### EXERCISE DESCRIPTION
Below are entries. Copy exactly the lines running from the line that holds "office area with" to the line that holds "Un bâtiment blanc", with both ends included.

### Dataset records

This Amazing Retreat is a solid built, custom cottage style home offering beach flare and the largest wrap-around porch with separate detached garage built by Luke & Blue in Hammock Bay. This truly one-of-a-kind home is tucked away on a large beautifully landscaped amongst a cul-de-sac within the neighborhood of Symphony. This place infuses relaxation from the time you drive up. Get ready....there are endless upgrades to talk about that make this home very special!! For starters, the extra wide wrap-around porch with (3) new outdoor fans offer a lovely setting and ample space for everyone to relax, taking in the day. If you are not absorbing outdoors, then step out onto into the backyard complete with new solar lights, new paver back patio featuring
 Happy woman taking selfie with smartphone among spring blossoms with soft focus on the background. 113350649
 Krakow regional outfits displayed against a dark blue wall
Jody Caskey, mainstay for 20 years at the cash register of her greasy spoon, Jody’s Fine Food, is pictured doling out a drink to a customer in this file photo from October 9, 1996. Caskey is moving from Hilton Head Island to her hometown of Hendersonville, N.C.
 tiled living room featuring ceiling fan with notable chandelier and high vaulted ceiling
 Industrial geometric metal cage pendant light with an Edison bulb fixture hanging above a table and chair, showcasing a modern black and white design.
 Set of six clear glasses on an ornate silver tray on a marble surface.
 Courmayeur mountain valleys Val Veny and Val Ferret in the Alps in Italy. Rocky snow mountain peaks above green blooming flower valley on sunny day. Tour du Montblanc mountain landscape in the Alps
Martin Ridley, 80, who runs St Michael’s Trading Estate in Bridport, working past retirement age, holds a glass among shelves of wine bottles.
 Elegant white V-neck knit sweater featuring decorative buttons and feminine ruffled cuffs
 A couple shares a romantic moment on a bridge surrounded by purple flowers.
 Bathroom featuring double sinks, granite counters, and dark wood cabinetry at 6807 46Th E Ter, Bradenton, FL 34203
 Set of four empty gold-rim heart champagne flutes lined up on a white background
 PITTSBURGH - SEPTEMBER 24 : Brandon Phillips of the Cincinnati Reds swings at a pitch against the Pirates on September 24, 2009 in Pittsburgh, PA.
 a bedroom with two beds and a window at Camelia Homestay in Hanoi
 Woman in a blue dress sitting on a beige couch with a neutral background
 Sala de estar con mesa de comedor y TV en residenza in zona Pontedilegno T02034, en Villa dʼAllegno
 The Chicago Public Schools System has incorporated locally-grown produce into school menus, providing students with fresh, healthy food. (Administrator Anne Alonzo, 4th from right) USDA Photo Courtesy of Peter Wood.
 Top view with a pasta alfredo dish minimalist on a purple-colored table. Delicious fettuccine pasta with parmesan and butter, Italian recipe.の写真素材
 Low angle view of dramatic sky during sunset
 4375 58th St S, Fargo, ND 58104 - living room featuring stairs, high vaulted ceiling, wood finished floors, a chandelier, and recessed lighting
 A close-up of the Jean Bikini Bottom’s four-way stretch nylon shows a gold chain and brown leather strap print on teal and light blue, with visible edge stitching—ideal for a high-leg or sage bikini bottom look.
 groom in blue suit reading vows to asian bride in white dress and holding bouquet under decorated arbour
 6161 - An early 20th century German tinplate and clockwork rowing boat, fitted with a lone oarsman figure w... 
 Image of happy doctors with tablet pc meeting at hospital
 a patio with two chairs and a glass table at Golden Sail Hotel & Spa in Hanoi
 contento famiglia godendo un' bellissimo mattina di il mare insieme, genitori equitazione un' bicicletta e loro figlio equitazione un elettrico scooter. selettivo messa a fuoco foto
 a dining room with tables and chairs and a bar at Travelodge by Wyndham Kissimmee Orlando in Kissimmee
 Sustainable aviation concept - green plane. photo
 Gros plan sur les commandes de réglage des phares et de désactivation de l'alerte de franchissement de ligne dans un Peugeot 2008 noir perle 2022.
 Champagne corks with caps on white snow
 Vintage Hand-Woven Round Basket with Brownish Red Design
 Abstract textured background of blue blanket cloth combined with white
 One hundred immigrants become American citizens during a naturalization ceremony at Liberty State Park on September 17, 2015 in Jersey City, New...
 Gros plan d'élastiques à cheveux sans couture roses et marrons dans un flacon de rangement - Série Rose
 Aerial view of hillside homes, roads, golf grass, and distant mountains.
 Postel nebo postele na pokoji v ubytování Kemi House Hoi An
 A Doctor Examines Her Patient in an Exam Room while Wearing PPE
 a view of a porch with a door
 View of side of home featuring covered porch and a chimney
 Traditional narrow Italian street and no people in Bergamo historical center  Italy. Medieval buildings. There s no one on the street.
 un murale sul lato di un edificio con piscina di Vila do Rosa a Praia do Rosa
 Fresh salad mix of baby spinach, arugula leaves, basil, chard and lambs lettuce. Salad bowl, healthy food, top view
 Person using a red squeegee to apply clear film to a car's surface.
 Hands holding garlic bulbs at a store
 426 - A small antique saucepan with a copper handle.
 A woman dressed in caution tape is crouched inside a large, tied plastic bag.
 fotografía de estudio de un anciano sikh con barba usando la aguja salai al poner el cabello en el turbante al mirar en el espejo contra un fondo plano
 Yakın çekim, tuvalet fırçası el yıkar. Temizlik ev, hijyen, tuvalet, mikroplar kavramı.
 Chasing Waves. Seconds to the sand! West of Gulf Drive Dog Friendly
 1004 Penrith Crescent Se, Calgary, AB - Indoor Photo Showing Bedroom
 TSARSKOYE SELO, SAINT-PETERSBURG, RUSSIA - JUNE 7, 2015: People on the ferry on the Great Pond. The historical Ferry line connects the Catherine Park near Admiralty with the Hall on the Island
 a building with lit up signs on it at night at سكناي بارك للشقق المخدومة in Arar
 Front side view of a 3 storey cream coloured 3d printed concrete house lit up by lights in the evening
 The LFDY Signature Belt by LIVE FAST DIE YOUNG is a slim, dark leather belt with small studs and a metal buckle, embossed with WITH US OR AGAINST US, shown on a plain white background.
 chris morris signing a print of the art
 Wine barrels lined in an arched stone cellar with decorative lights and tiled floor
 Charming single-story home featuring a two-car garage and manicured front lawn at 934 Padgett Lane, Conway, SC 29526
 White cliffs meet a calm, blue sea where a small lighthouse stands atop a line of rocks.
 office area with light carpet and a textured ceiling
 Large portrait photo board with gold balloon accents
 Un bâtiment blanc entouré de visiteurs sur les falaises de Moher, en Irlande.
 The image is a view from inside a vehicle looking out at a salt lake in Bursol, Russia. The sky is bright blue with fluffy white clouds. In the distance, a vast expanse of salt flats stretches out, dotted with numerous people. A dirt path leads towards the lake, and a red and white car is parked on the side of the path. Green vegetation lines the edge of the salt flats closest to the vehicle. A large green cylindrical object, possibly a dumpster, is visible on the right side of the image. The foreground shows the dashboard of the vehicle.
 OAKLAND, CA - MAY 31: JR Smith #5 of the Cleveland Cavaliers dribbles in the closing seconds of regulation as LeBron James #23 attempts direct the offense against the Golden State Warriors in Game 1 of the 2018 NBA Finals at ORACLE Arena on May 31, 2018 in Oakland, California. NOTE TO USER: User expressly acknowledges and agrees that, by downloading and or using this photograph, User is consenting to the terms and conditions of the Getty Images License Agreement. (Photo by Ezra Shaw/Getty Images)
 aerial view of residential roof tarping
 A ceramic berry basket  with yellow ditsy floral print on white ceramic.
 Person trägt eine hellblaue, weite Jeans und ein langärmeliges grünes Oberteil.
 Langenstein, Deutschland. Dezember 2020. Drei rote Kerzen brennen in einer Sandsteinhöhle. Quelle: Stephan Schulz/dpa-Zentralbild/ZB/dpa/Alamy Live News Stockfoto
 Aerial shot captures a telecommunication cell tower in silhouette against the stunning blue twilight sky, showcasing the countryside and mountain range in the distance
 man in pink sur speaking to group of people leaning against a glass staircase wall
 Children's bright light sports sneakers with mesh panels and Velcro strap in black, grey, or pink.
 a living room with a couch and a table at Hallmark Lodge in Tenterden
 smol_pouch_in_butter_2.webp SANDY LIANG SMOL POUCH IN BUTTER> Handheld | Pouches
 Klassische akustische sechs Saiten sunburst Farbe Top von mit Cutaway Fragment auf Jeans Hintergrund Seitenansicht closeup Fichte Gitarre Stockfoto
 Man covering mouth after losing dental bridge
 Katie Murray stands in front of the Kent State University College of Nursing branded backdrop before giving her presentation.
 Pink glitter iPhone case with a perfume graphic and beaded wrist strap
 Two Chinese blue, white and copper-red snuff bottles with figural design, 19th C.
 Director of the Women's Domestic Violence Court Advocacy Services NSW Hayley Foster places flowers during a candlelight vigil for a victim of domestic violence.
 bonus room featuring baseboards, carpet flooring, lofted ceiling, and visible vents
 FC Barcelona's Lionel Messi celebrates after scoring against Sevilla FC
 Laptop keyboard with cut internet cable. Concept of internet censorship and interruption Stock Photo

### TASK RESULT
 office area with light carpet and a textured ceiling
 Large portrait photo board with gold balloon accents
 Un bâtiment blanc entouré de visiteurs sur les falaises de Moher, en Irlande.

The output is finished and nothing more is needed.